GAUMET FLORIDO
De alguna manera hice el ridículo. Discuto con vehemencia (es un defecto, qué le voy a hacer) y hasta hace unos días me fajaba en demostrar que no había nada que temer, que el coronavirus era y es como una gripe, que el único problema era que se contagiaba con bastante más facilidad, que los chinos eran un poco exagerados con aquellas medidas...
Ahora siento que estaba equivocado. Insistía, y sigo insistiendo, en la importancia de guiarse por lo que nos llegaba y llegue de las fuentes oficiales. No podemos dejarnos llevar por bulos malintencionados. Y menos ahora, con la que está cayendo.
Pero me muerdo la lengua si me reprimo un reproche: tengo la sensación de que no nos dijeron todo lo que sabían. Aunque se desarrolle de forma leve en la inmensa mayoría de los contagiados, también es verdad que, visto lo visto, causa estragos en la población más vulnerable, y eso me genera una enorme intranquilidad. Una simple gripe no se lleva por delante, como se informó ayer, a una veintena de mayores de una residencia de Madrid. Una noticia así no precisa de aderezos sensacionalistas.

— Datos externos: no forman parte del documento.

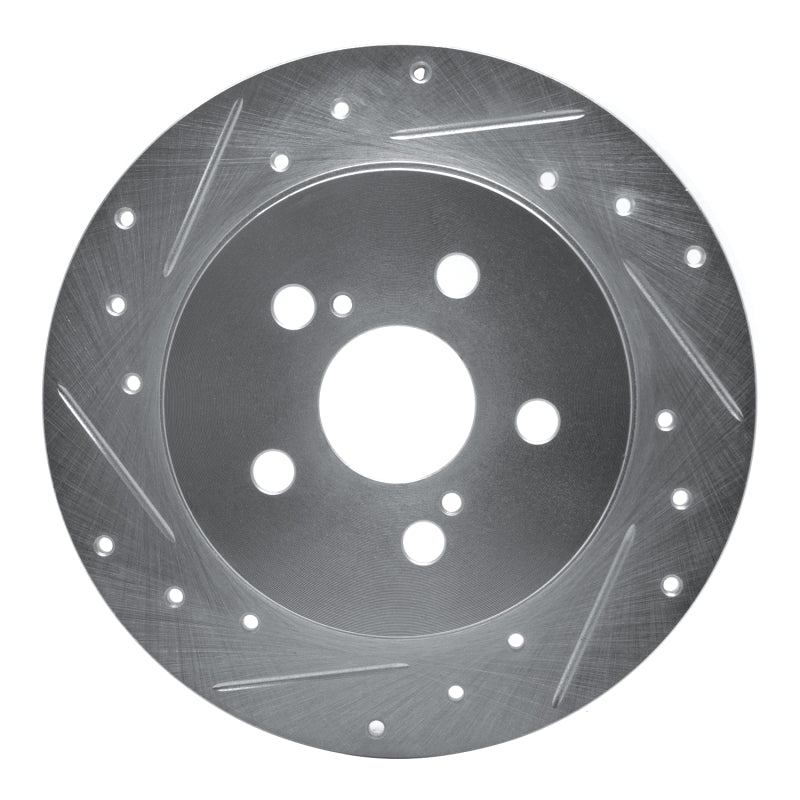 R1 Concepts R1 09-24 Lexus CT200H Rear Left Drilled & Slotted Silver Brake Rotor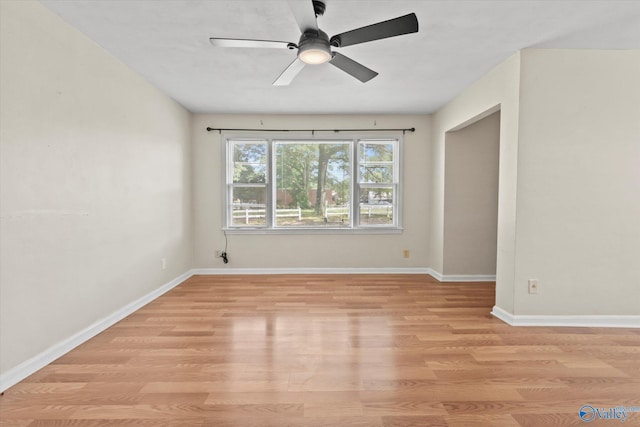 905 Cedar St SW, Decatur, AL 35601 - unfurnished room featuring ceiling fan, light wood-style floors, and baseboards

Y por más que uno haga esfuerzos por no caer en el miedo, es inevitable llenarse de dudas. No sé si es que no manejaban todavía todas las claves o si lo que buscaban era evitar una sensación de histeria colectiva, pero tengo claro que ahora, a toro pasado, no habría expuesto tanto a las personas mayores de mi familia. En una sociedad como la nuestra no hay día en que no nos veamos participando en actos más o menos multitudinarios, desde una simple misa a un concierto, y sabiendo lo que ahora sabemos, muchos los habríamos evitado.
Me quita el sueño la idea de que a lo mejor habrá mucha gente que acabará pagando un precio muy alto por esa fase inicial de no hay nada que temer, está todo controlado.
En asuntos de este calado, cuando lo que se juega es la salud, y no solo la individual, sino la colectiva, vale más pecar por exceso que por defecto. Creo que hasta los que han gestionado esta crisis darían lo que fuera por que fuera posible volver atrás en el tiempo y haber adoptado mucho antes algunas de estas medidas de contención.
En fin, lamentarse no vale de mucho, salvo para desahogarse. Toca apretar los dientes y aguantar. Que de esta tenemos que salir. Todos juntos. O los más posibles.
Gaumet Florido Medina es periodista y redactor de Canarias7 en Telde.